我是一个初学者,想使用 pyhton 代码从这个 DNA 序列中制作一个条形码。它应该读取每个 1024 个核苷酸并检查 mers(4 个核苷酸的组合,例如 AAAA、AAAC、AAAG、AAAT ..... TTTT)。每个 mer 在数组中保存一个索引(大小 = 256),如果它在前 1024 个中找到 AAAA,则将其计数存储在其索引中,依此类推,然后存储到下一个 1024,直到完成整个序列。这将创建一个 2D 数组,该数组将被转换为灰度的 png。

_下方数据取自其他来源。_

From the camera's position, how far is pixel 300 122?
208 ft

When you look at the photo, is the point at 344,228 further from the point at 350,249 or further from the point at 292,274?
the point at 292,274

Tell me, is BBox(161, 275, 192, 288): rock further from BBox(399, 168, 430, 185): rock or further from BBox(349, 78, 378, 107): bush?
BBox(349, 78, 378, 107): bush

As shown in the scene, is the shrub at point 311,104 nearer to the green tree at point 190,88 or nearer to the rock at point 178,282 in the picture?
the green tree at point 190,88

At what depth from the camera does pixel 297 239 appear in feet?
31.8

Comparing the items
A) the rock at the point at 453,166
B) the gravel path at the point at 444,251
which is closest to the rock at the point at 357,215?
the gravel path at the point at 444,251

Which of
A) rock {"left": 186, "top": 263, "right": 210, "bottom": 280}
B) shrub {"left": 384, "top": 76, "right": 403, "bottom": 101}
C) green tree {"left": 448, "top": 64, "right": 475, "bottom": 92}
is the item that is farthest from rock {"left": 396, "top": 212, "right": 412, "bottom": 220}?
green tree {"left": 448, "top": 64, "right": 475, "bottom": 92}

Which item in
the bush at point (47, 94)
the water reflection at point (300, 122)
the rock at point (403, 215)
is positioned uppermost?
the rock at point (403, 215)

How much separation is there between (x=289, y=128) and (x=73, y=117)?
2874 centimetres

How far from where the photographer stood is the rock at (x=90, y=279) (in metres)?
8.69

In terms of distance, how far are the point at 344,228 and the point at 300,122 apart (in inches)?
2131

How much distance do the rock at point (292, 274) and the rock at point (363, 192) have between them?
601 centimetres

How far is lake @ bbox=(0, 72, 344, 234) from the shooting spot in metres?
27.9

我的问题是它只使用了前 1024 并将其显示在整个 1024X256 图像上。
DNA:https://1drv.ms/f/s!AuXxv7yqjA_FlS_ujYOMUvikWg8E
#read the DNA sequence
fasta_file = open(r'C:path\Escherichia_coli_ATCC_10798.fasta','r')
SE =fasta_file.read()
fasta_file.close()
seq = SE[177:]
dna_sequence = seq.replace("\n","")
# Sample size and mer length
#sample is the window that will go thorugh the whole sequance
sample_size = 1024
mer_length = 4
# Array to store the counts of each mer
barcode = [0] * 256
# Generate all possible 4-mers
mers = []
for i in range(256):
mer = ""
for j in range(4):
mer += "ACGT"[i % 4]
i //= 4
mers.append(mer)
# Loop through the sample and count the occurrences of each mer
for w in range(sample_size):
mer = dna_sequence[w:w+mer_length]
barcode[mers.index(mer)] += 2
# Print the counts of each mer
#print(mers[i], ":", barcode[i])
print(barcode)
# image
# Python program to convert numpy array to image
# import pillow library
from PIL import Image
import numpy as np
# define a main function
# Create the barcode array with the same shape as the desired image
code = np.array(barcode, dtype=np.uint8)
# Create an Image object from the barcode array
image = Image.fromarray(code)
# Reshape the image to the desired size (1024x4000)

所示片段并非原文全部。